I’m a big boy; this won’t be a light meal. It’ll be enough food to feed a family. Not having eaten since late last night, I desperately swipe a bag of potato chips on my walk to the grill, I tear it open with my teeth like a barbarian and stuff a handful in my face. Chew loudly, crumbs falling down the front of my Iowa t-shirt.

Iowa. How the fuck I ended up here is beyond me.

I was all set to attend school in my home state of Texas until, at the last minute, the scholarship money wasn’t there anymore. I had a spot on the team but not enough money to cover tuition, and my family ain’t rollin’ in dough.

Enter Iowa.

More money. More allowance for living expenses.
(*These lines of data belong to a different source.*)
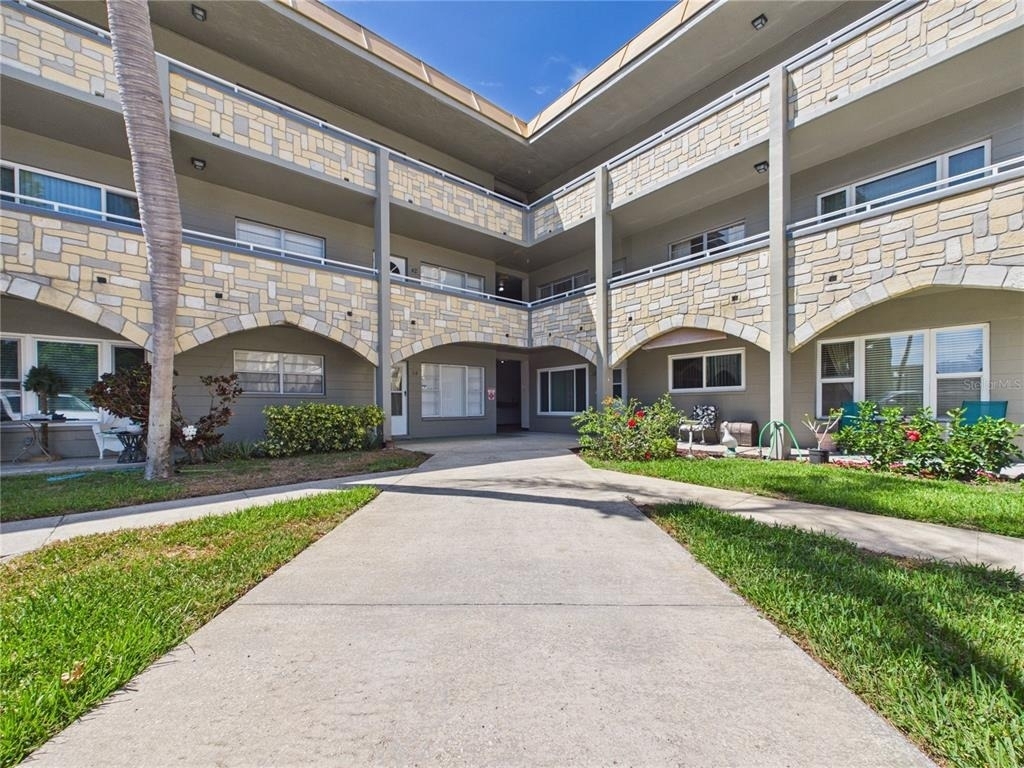 2462 Brazilia Drive - Photo 0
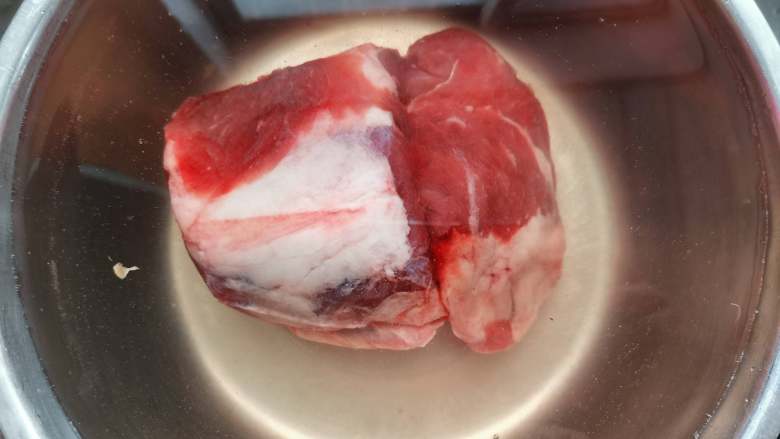 五香酱牛肉,如果锅小,可以把<a style='color:red;display:inline-block;' href='/shicai/ 4956'>牛腱子肉</a>用刀切开,然后在冷水中浸泡30分钟,这样做的目的是为了去除血水,泡过以后把水倒掉不用。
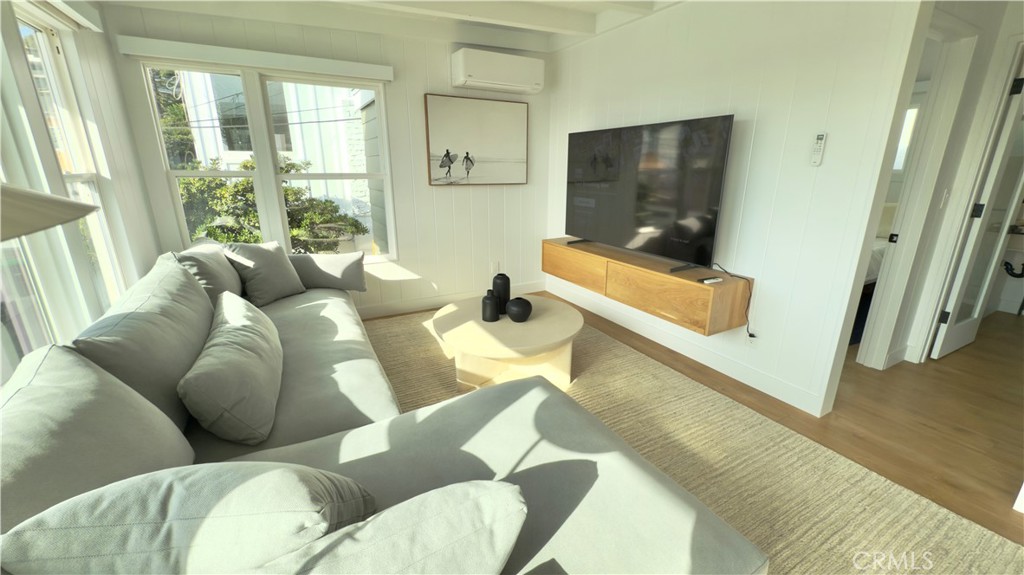 252 Grandview B, Laguna Beach CA 92651 - photo 4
More stability.

No way did I have the spare change to afford A&M on my own; I’m a great player, but not full-ride great.

And goddamn am I hungry.

I wad the chip bag in my fist, leaving it in my hand so I remember to pay for it. There’s a line at the griddle, but I doubt anyone will object if I cut it and skip to the front.

No one complains out loud, but a few resting bitch faces judge me.
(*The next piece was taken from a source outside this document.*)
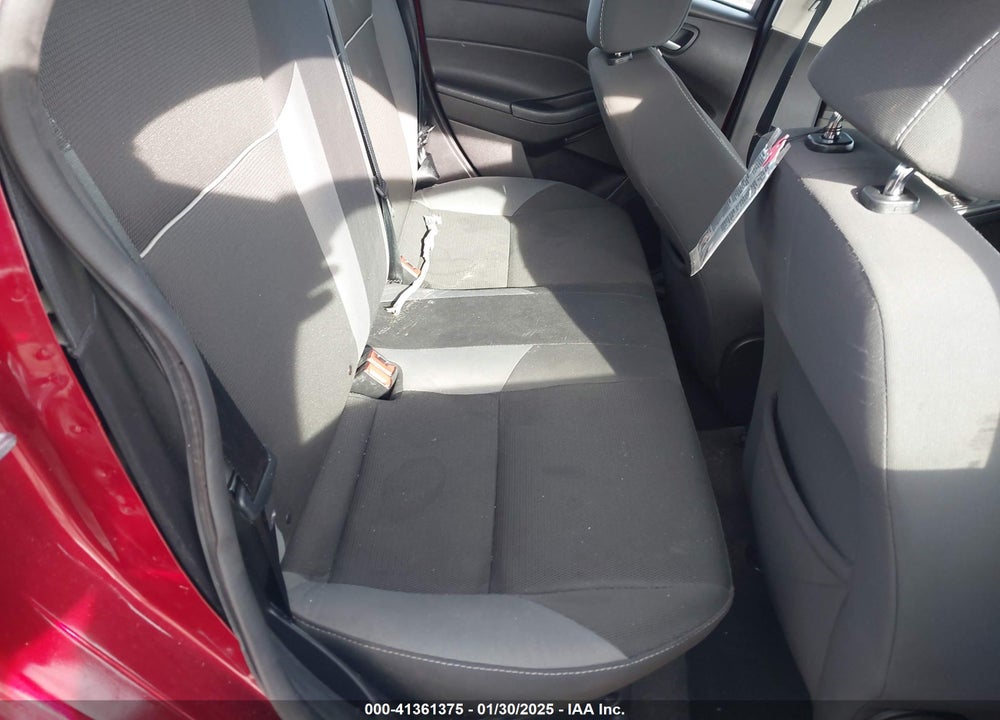 2014 FORD FOCUS VIN: 1FADP3F24EL108124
I slide in after a girl with long, blonde hair. She’s bouncing on the heels of her—I glance down—brown boots, a baby blue backpack hooked over her right shoulder. Impatient, she continues to check the watch on her wrist every few seconds, as if the action is going to speed up the process of cooking meat.

I eyeball the grill, debating about what I want. One chicken breast, lean. Two hamburger patties, fatty. Three hot dogs.

Chicken it is.

The girl checks her watch again, and I stare at the back of her head, down at the crown, into her shiny hair. It’s long and a bit wavy, and I haven’t touched a girl’s hair in so fucking long, I’m tempted to rub a few strands between my fingers for old times’ sake.